== THE TASK ==
The answer must consist solely of the lines from the one containing "Foto properti Dijual" through the last line of the records, set down exactly and without any pictures.

== Image-caption web data ==
>>>>>

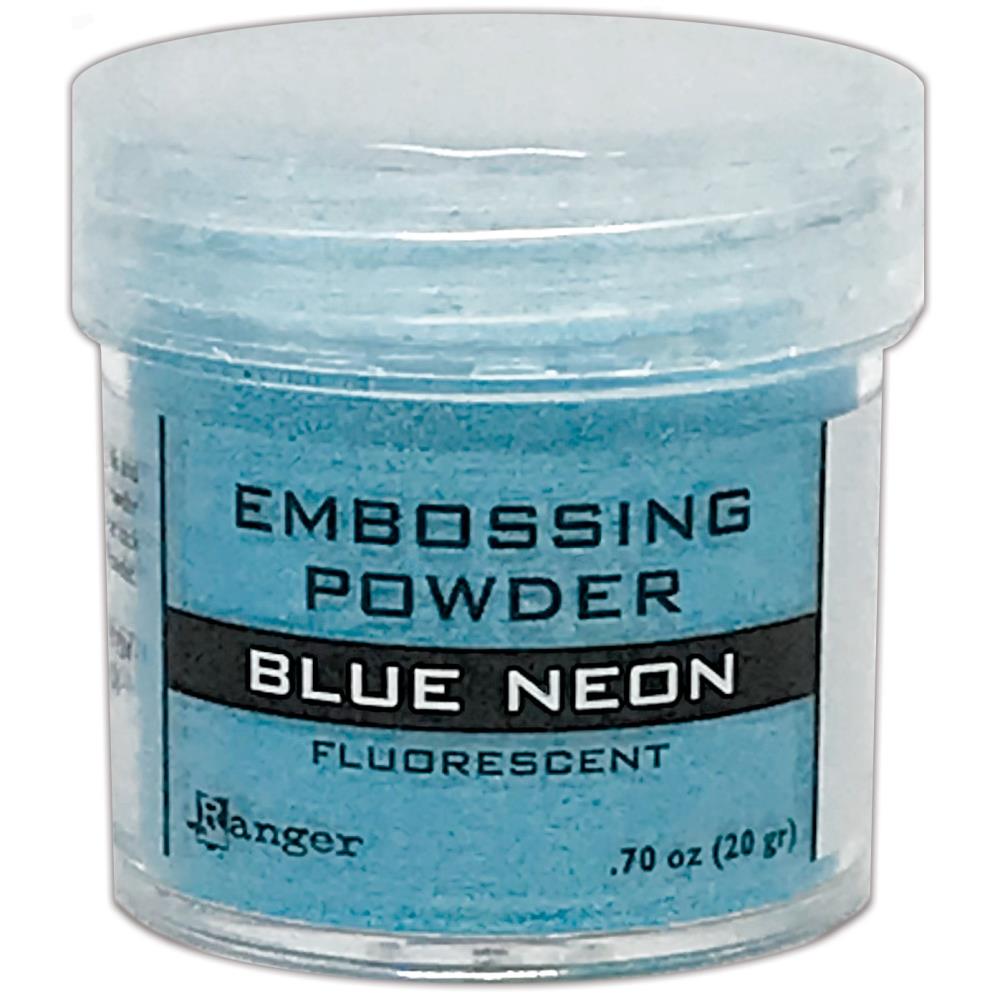 Ranger Embossing Powder Blue Neon epj79057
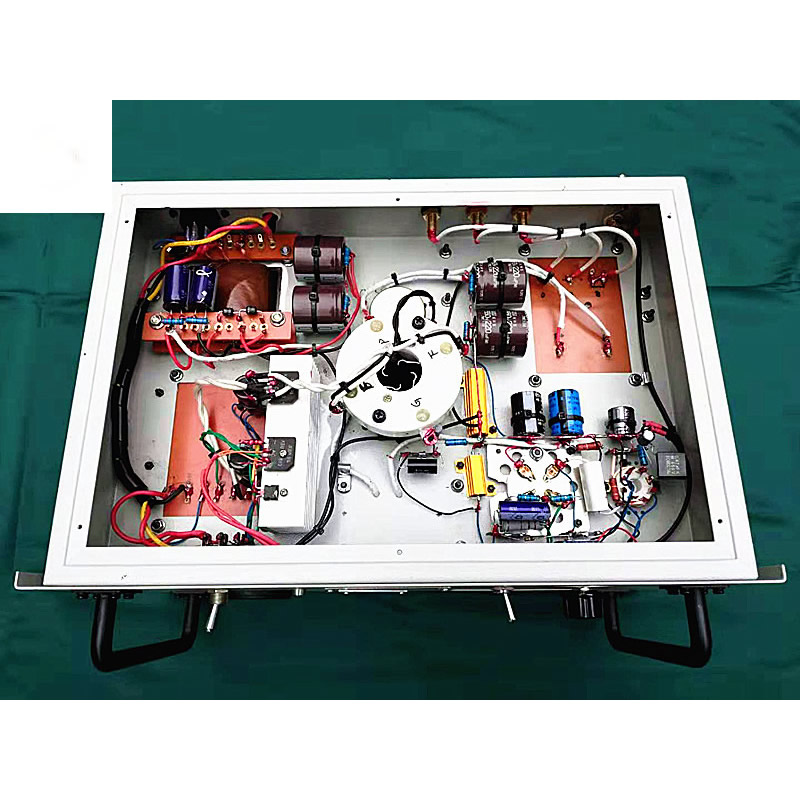 American West Electric split 3 - Tube Amplifier 300B Single Ended 리뷰 및 가격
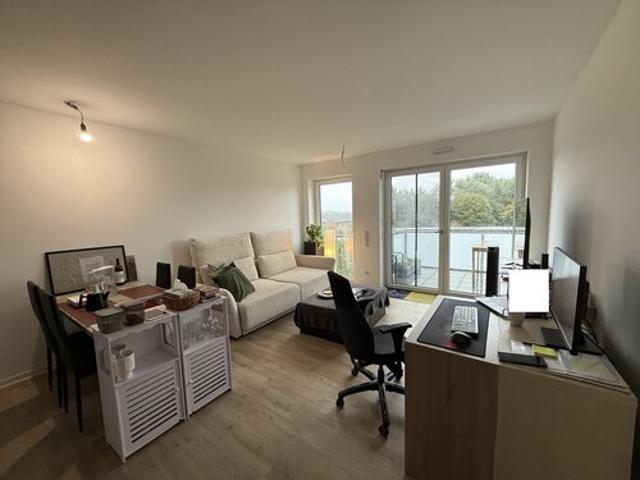 Telgte: Moderne 2 Zimmerwohnung mit Südbalkon!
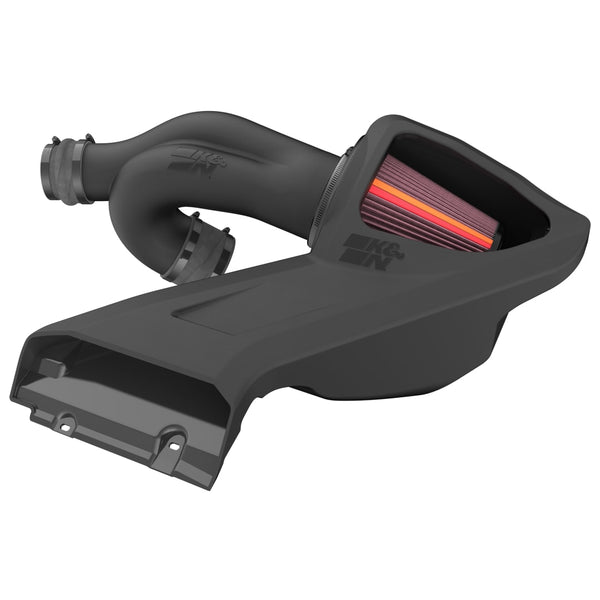 K&N Cold Air Intake System (MPN: 50-2609)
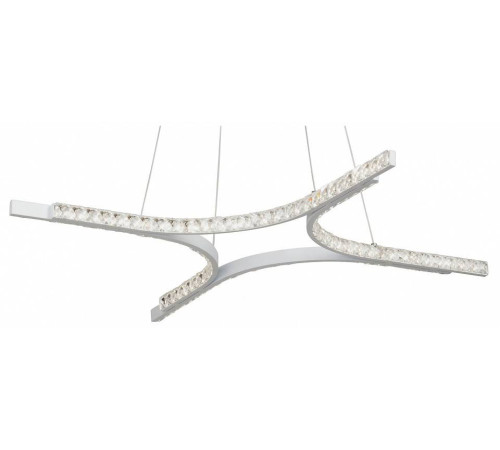 Подвесной светильник Vitaluce V4669-0/4S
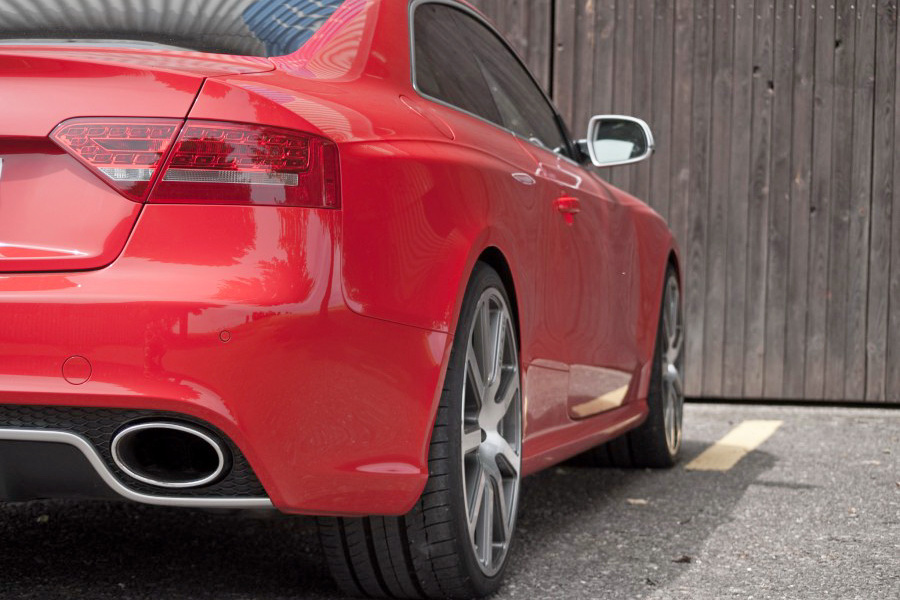 Тюнинг ауди rs5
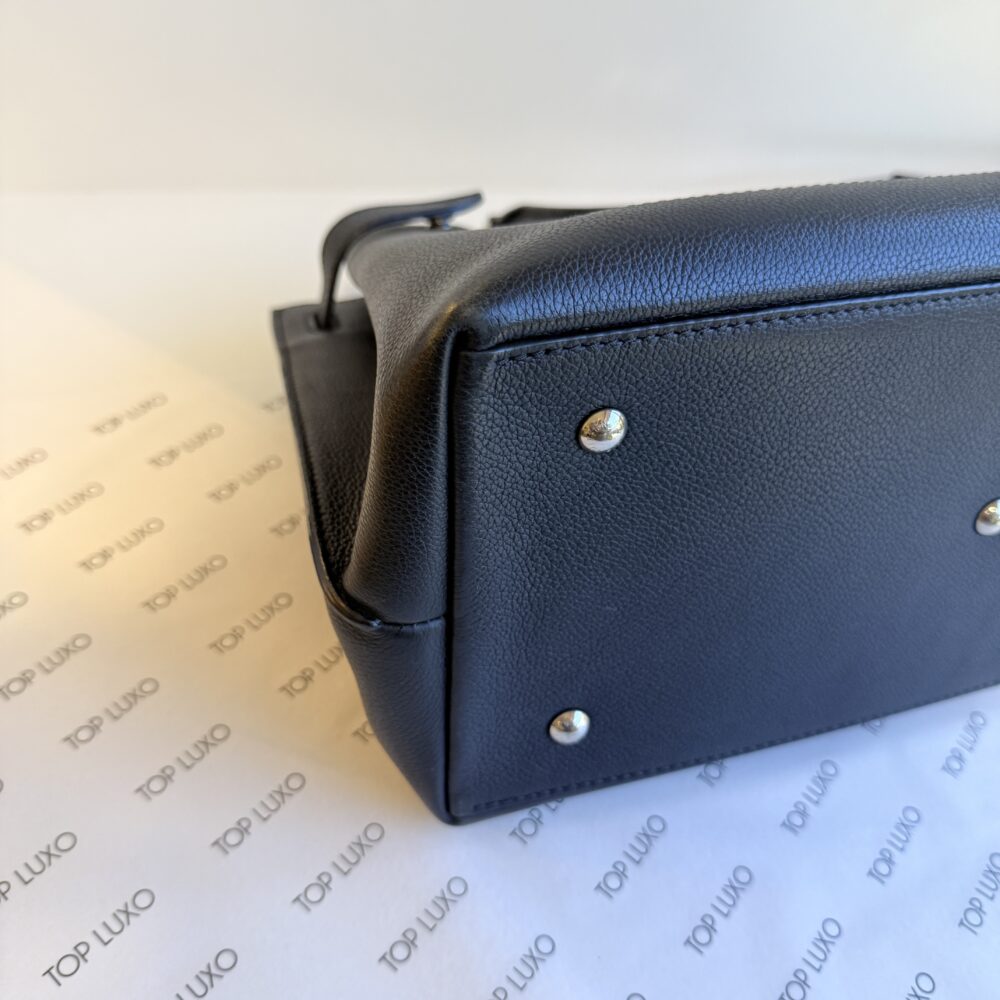 Bolsa Louis Vuitton preta Lockme Day - Image 10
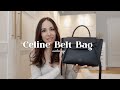 Sac ceinture cline  unboxing  premires impressions et ce qui convient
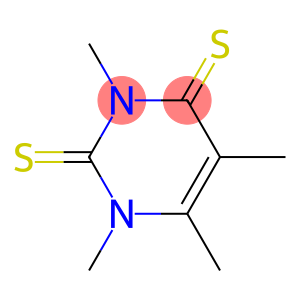 1,3,5,6-tetramethylpyrimidine-2,4-dithione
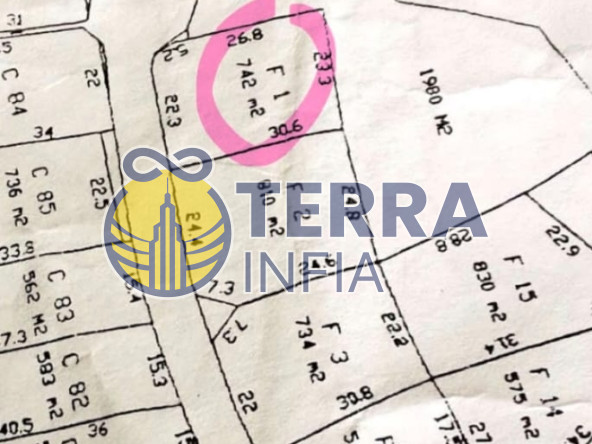 Foto properti Dijual Kavling Residensial di Setiabudi regency, Kota Bandung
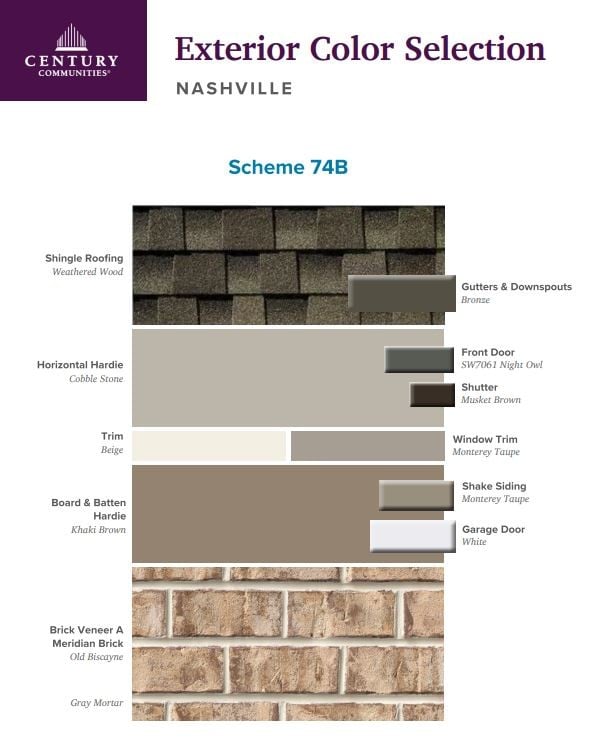 241 West Millbrook Dr, Spring Hill, TN 37174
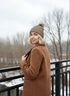 Damen Strickmütze Wintermütze Neverless®preview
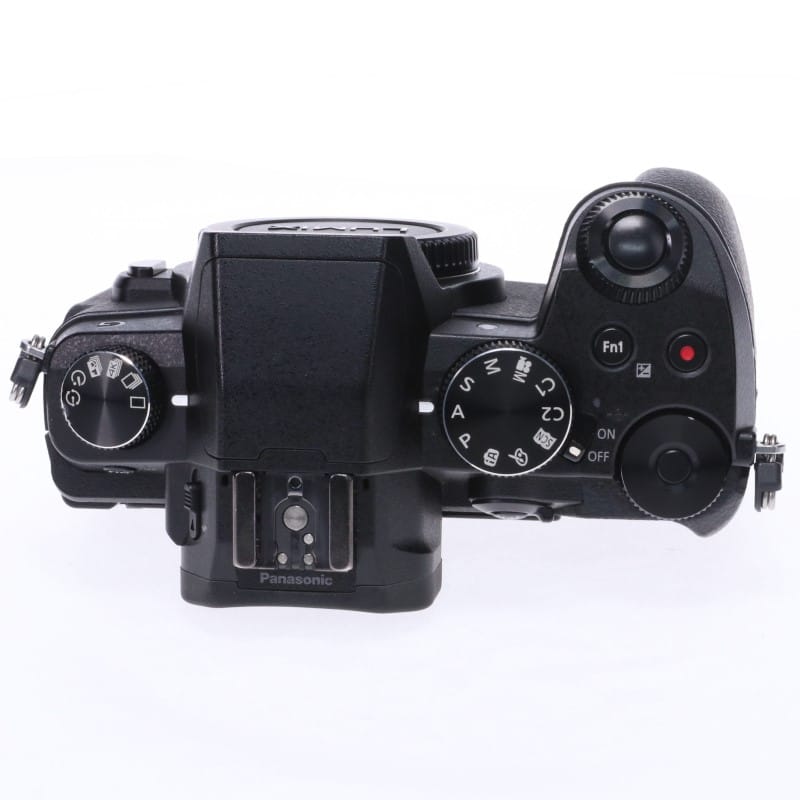 LUMIX G8 ブラック DMC-G8-K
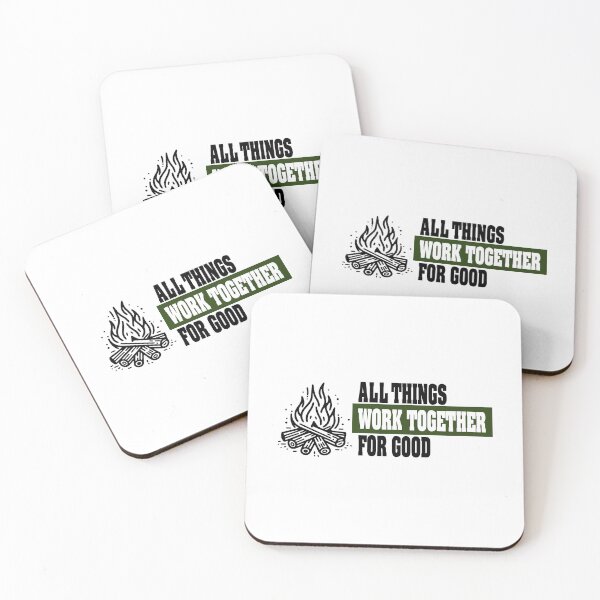 Item preview, All Things Work Together For Good designed and sold by melohdc.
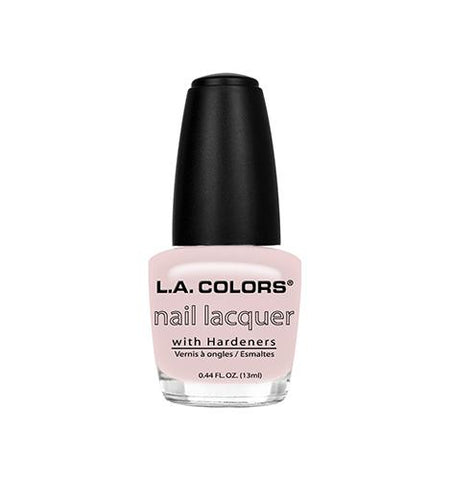 L.A. Colors Nail Lacquer Lilac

<<<<<

== TASK SOLUTION ==
 Foto properti Dijual Kavling Residensial di Setiabudi regency, Kota Bandung
 241 West Millbrook Dr, Spring Hill, TN 37174
 Damen Strickmütze Wintermütze Neverless®preview
 LUMIX G8 ブラック DMC-G8-K
 Item preview, All Things Work Together For Good designed and sold by melohdc.
 L.A. Colors Nail Lacquer Lilac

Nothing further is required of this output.